Navarrus of Acqs (Navarre d'Acqs) was the bishop of Couserans from 1207 to 1216.

Navarrus was a son of Raymond Arnald, viscount of Dax. He entered the Premonstratensian abbey of Combelongue, where he was elected abbot. For his strong opposition to Albigensianism, he was called "the terror and the hammer of the Albigensian heretics". During the Albigensian Crusade, Navarrus sided with the crusaders and worked closely with the papal legates. An undated document from the archives of Jaca Cathedral names a certain Navarrus as "legate of the apostolic see". This legation is usually attributed to the bishop of Couserans, but, as the document is usually dated to the decade beginning in 1229, Peter Linehan regards this legation as spurious.
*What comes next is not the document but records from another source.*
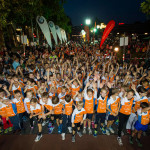 Nachtlauf Hannover von SportScheck und BMW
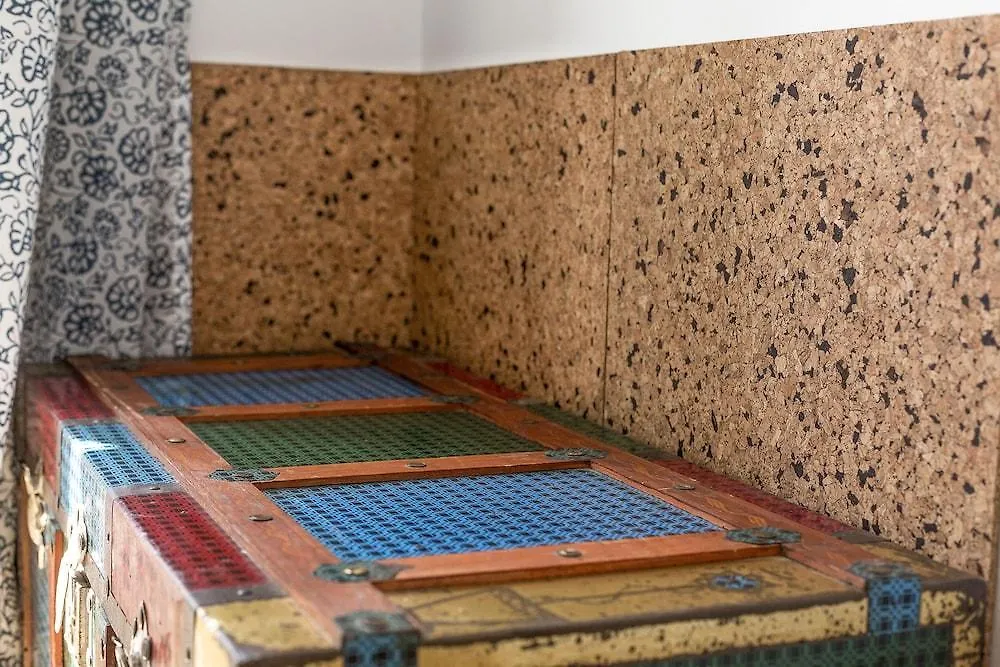 Whome | Trigueiros Downtown Apartment Lisbon Portugal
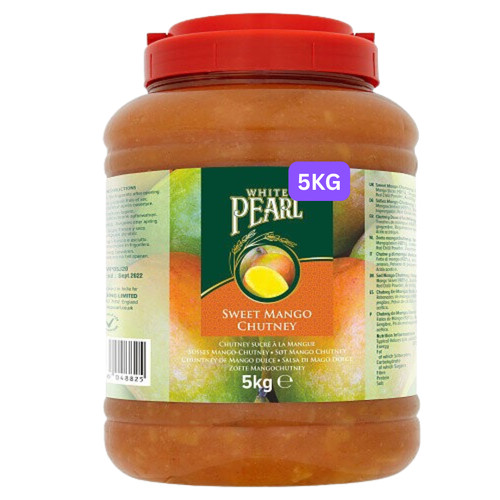 White pearl sweet - pearl, mango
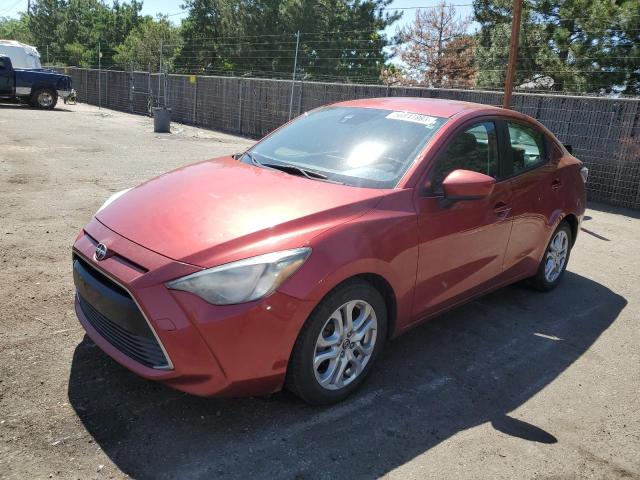 TOYOTA SCION IA 2016 3mydlbzv8gy143671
In 1207, Navarrus, along with the legate Arnauld Amaury, received instructions from Pope Innocent III. In August or September, he attended the colloquy of Pamiers beween the Waldensians and the Catholics. Pierre des Vaux-de-Cernay records that Navarrus and Folquet de Marselha were the messengers sent by the papal legates to Rome to announce the deaths of the legates Diego of Osma and Raoul de Fontfroide in 1207 and the murder of legate Pierre de Castelnau in 1208. The dating of his mission is uncertain. It may have taken place as late as 1209.
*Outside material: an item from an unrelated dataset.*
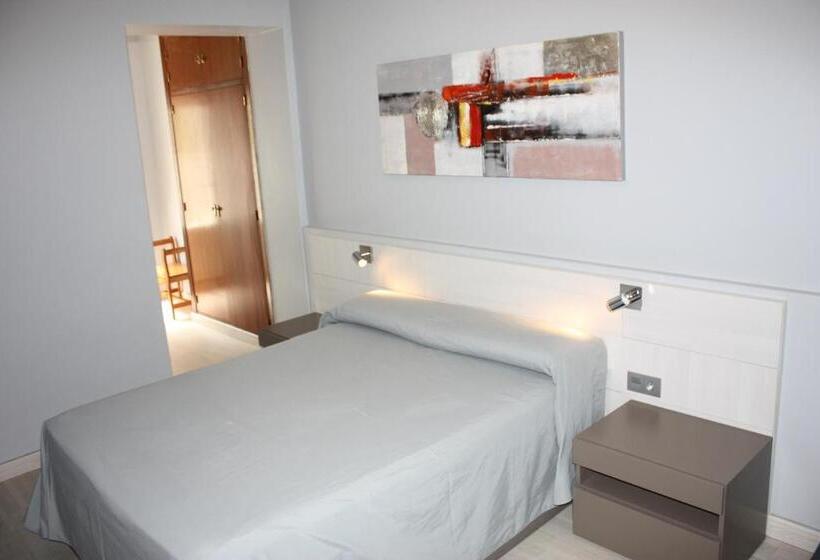 스탠다드 싱글 룸, Hostal El Palomar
In 1209, Navarrus founded the Premonstratensian abbey of Divielle. During his episcopate, the town of Saint-Lizier, which belonged to his jurisdiction, was attacked by Count Bernard IV of Comminges. The Council of Lavaur (1213), which Navarrus may have attended, censures the count for this and other attacks on the church.

No surviving writings by Navarrus are known.